Equilibrium Matching: Generative Modeling with Implicit Energy-Based Models
This provides a new paradigm for generative modeling with improved performance and flexibility for tasks like denoising and OOD detection, though it builds on existing energy-based and flow models.
The paper tackles generative modeling by introducing Equilibrium Matching (EqM), a framework that learns the equilibrium gradient of an implicit energy landscape, discarding time-conditional dynamics from diffusion and flow models, and achieves an FID of 1.90 on ImageNet 256x256.

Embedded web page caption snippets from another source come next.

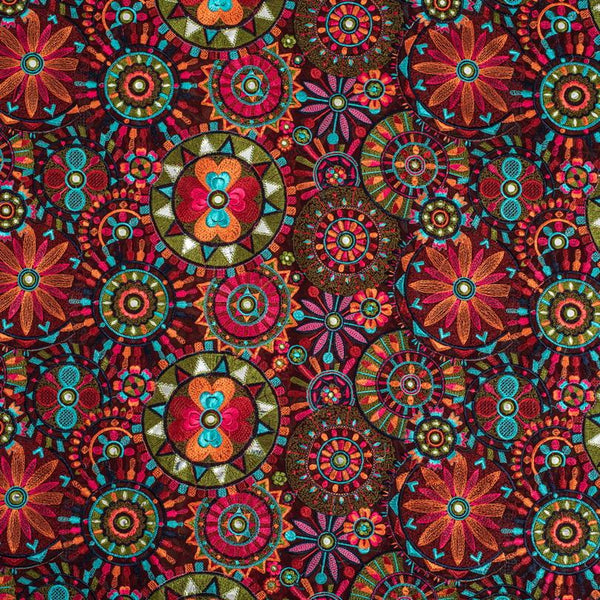 Plum Colour Multi Thread Work Embroidered Georgette Fabric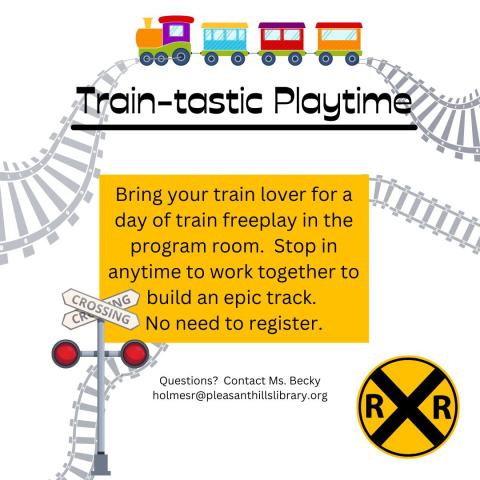 Program description with a background of train tracks, railroad crossing signs, and a colorful train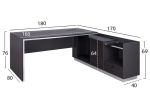 ΓΡΑΦΕΙΟ ΕΠΑΓΓΕΛΜΑΤΙΚΟ ΔΕΞΙΑ ΓΩΝΙΑ ROSEWOOD HM2086R 180X170X76Υ εκ.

We introduce Equilibrium Matching (EqM), a generative modeling framework built from an equilibrium dynamics perspective. EqM discards the non-equilibrium, time-conditional dynamics in traditional diffusion and flow-based generative models and instead learns the equilibrium gradient of an implicit energy landscape. Through this approach, we can adopt an optimization-based sampling process at inference time, where samples are obtained by gradient descent on the learned landscape with adjustable step sizes, adaptive optimizers, and adaptive compute. EqM surpasses the generation performance of diffusion/flow models empirically, achieving an FID of 1.90 on ImageNet 256$\times$256. EqM is also theoretically justified to learn and sample from the data manifold. Beyond generation, EqM is a flexible framework that naturally handles tasks including partially noised image denoising, OOD detection, and image composition. By replacing time-conditional velocities with a unified equilibrium landscape, EqM offers a tighter bridge between flow and energy-based models and a simple route to optimization-driven inference.